OXFORD – Die Zentralbanken können aufhören, sich Sorgen um die Inflation zu machen. Kurzfristig ist eine Preisdeflation viel wahrscheinlicher. Allerdings muss eine zeitweilige Deflation nicht unbedingt jenen Schrecken verbreiten, den die Zentralbanker fürchten, zumindest nicht, wenn das Banksystem rekapitalisiert ist und die Zinssätze in den Industrieländern stark fallen.

Erst im September und Oktober stuften die amerikanische Federal Reserve und die Europäische Zentralbank das Inflationsrisiko als etwa gleich hoch wie das Wachstumsrisiko ein. Beide Zentralbanken zögerten, die Zinssätze spürbar zu senken. Auf den Finanzmärkten könnte man die Inflationserwartungen der Fed als repräsentativ für die Annahmen anderer Zentralbanken gesehen haben.
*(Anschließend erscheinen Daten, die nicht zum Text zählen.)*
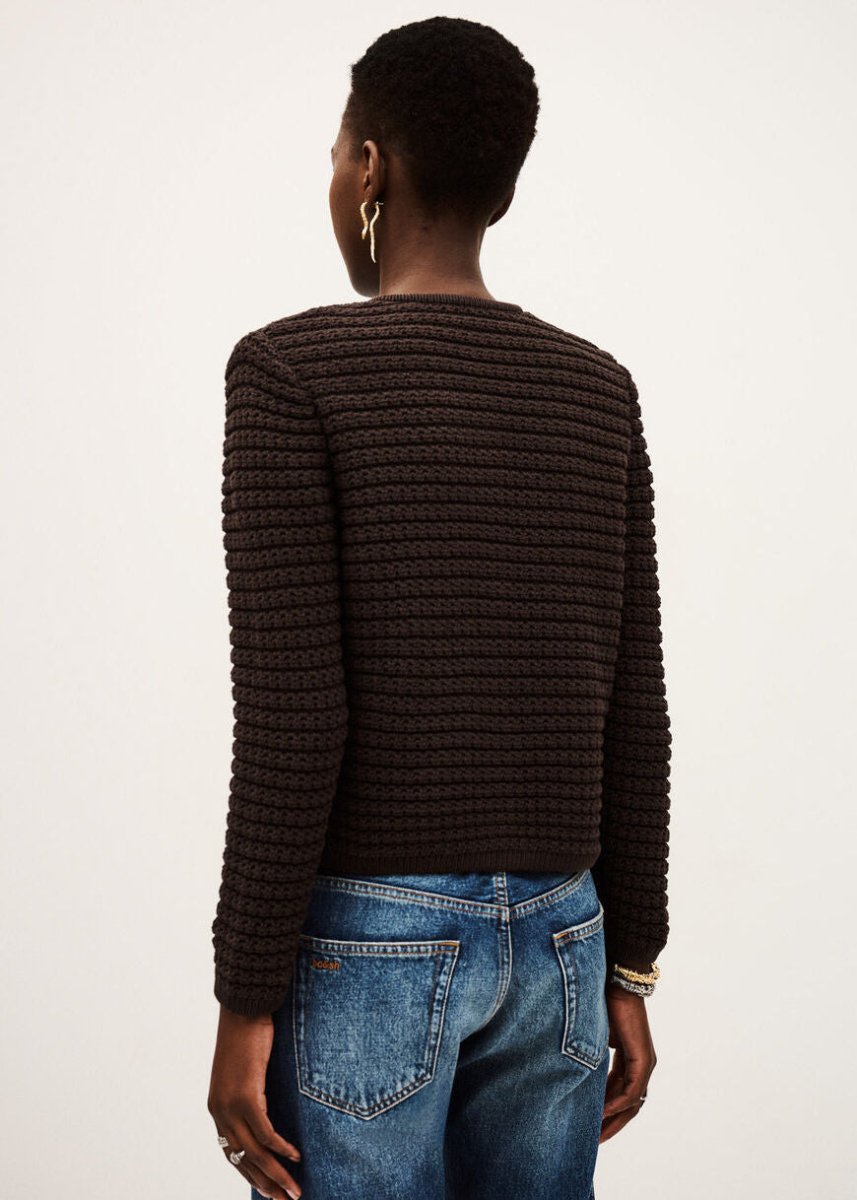Gaspard Cardigan in Brown from BA&SH at Edito Boutique
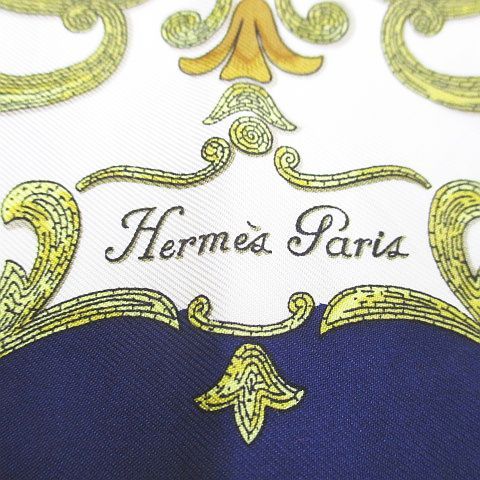 Hermes Vintage Scarf Carre 45 Cheval Turc Turkish Horse Silk — view 3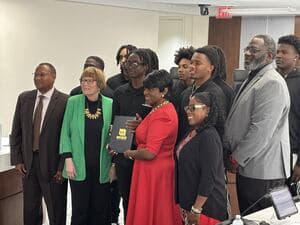 High school boys basketball champs honored by Montgomery Co. Commission
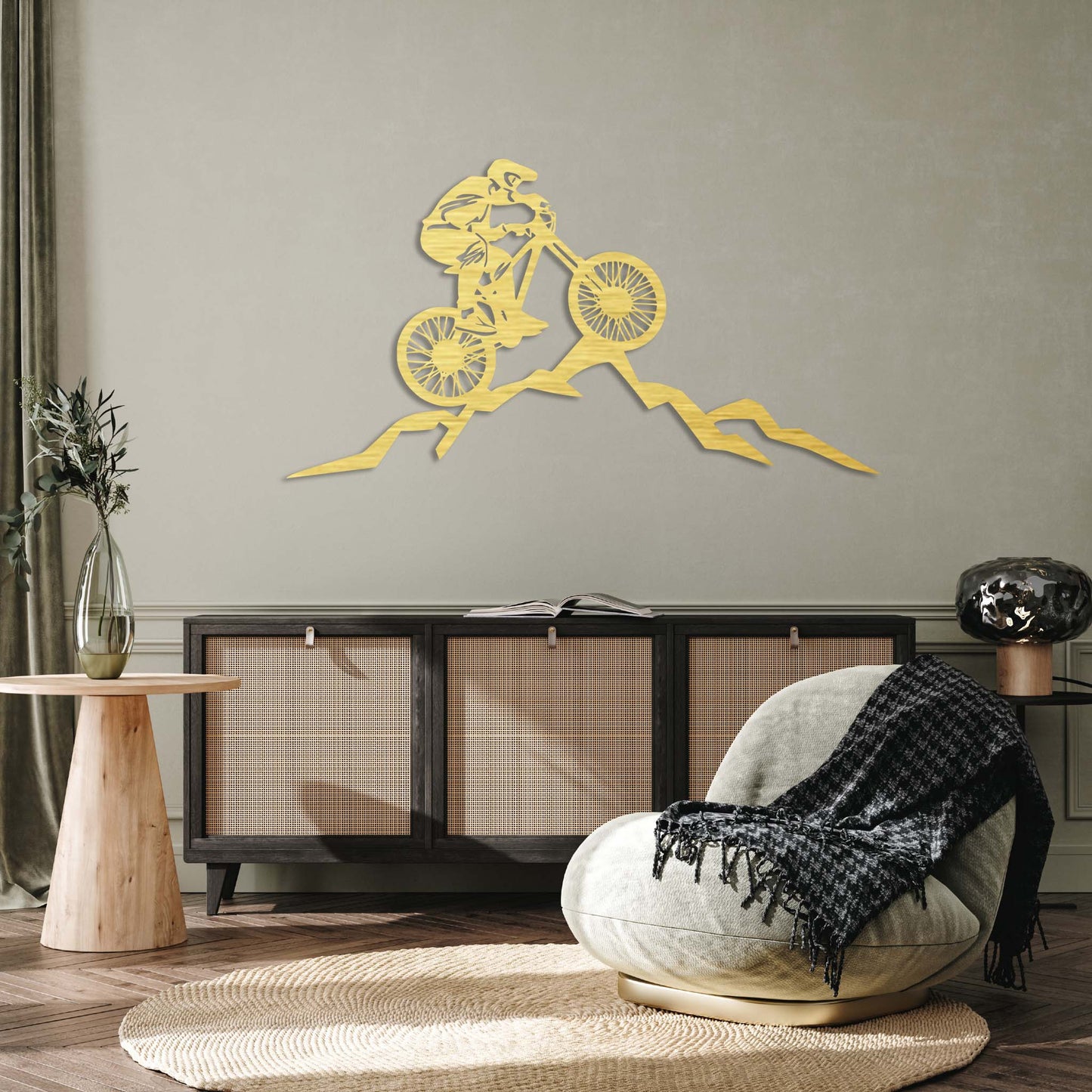 Mountain Biker - Metal Wall Art - MISSIRON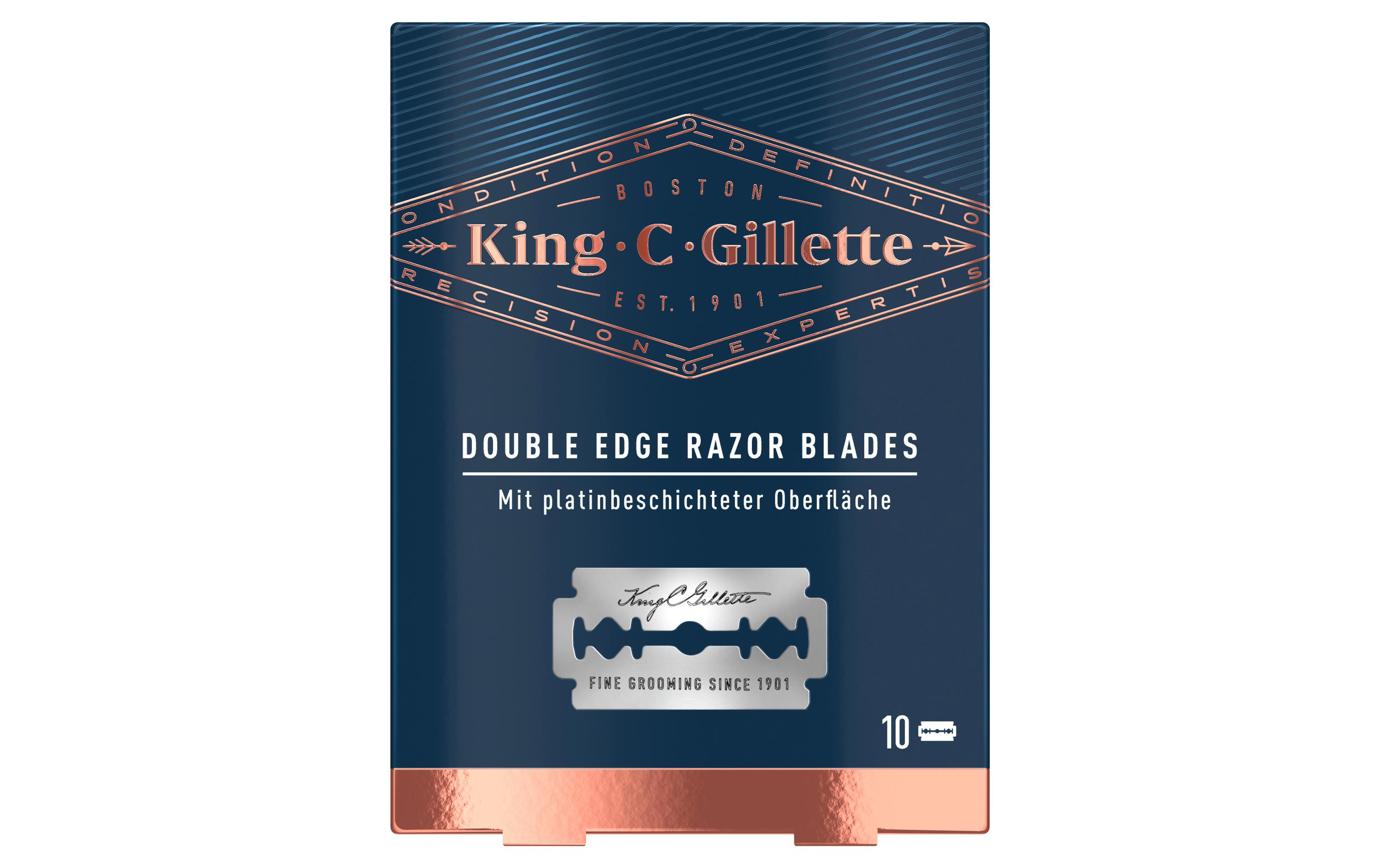 King C. Gillette Systemklingen 10 Stück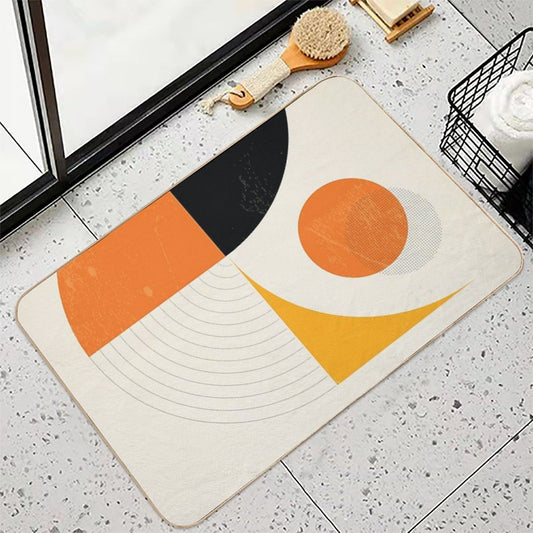 Mid Century Modern Retro Bath Mat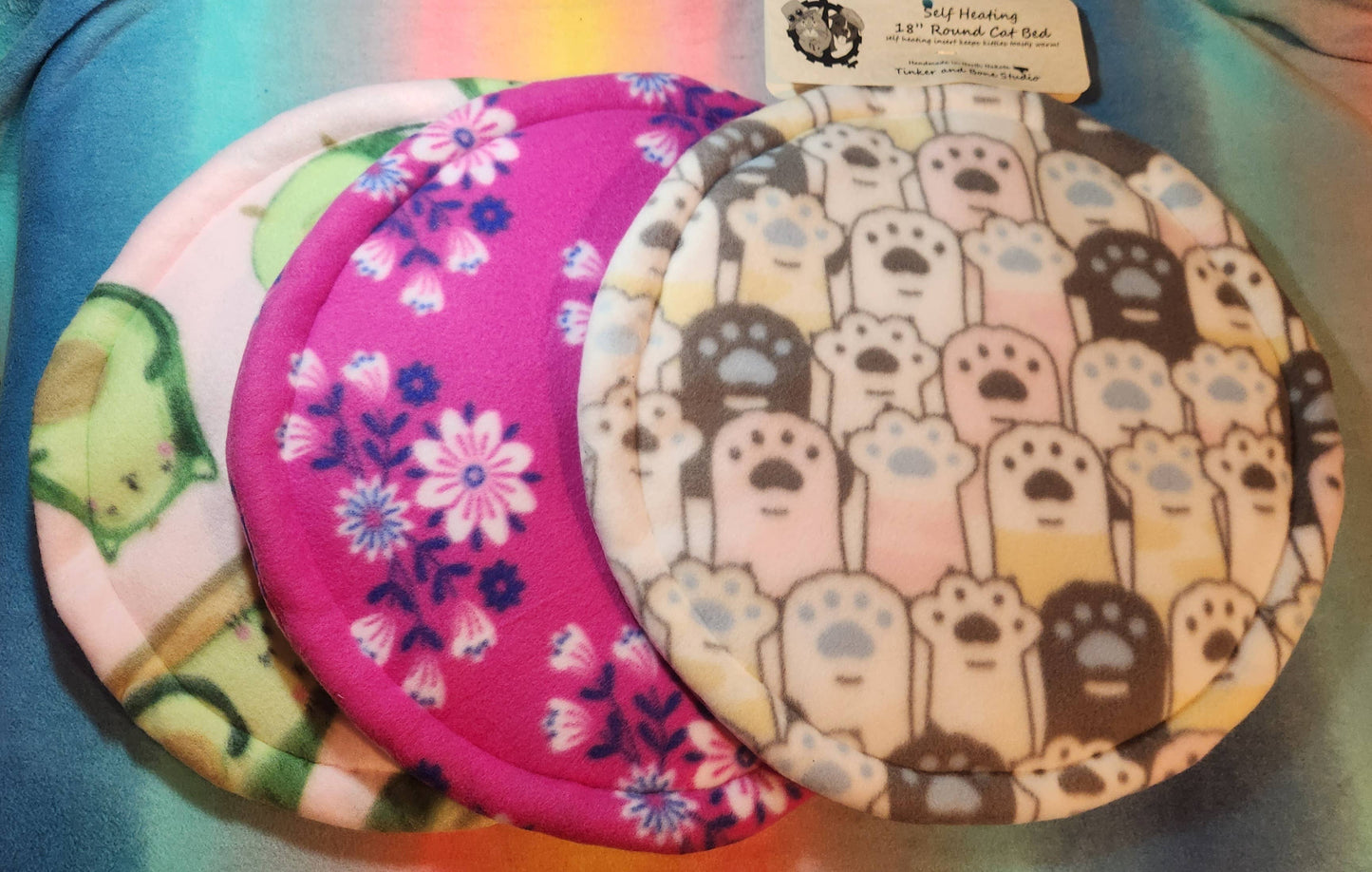 16" Self Heating Round Cat Bed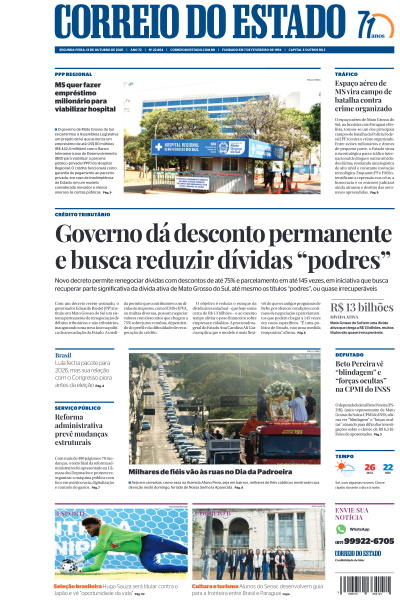 Correio do Estado - Edição de 13 de Outubro de 2025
Dieser Eindruck verstärkte sich durch die am 2. Oktober erfolgte überraschende Entscheidung der EZB, die Zinssätze unverändert zu lassen.

Im Oktober befanden sich die USA hinsichtlich der Inflation an der Schwelle des bedeutsamsten Wendepunktes der letzten 20 Jahre. Natürlich sind Inflationsprognosen bekanntermaßen schwierig. In der Weltwirtschaft gab es ebenso große strukturelle Veränderungen (beispielsweise die Handels- und Finanzliberalisierung) wie in einzelnen Ökonomien (etwa den Niedergang der Gewerkschaften). In der Geldpolitik hat man das Augenmerk verstärkt auf die Inflation verlagert.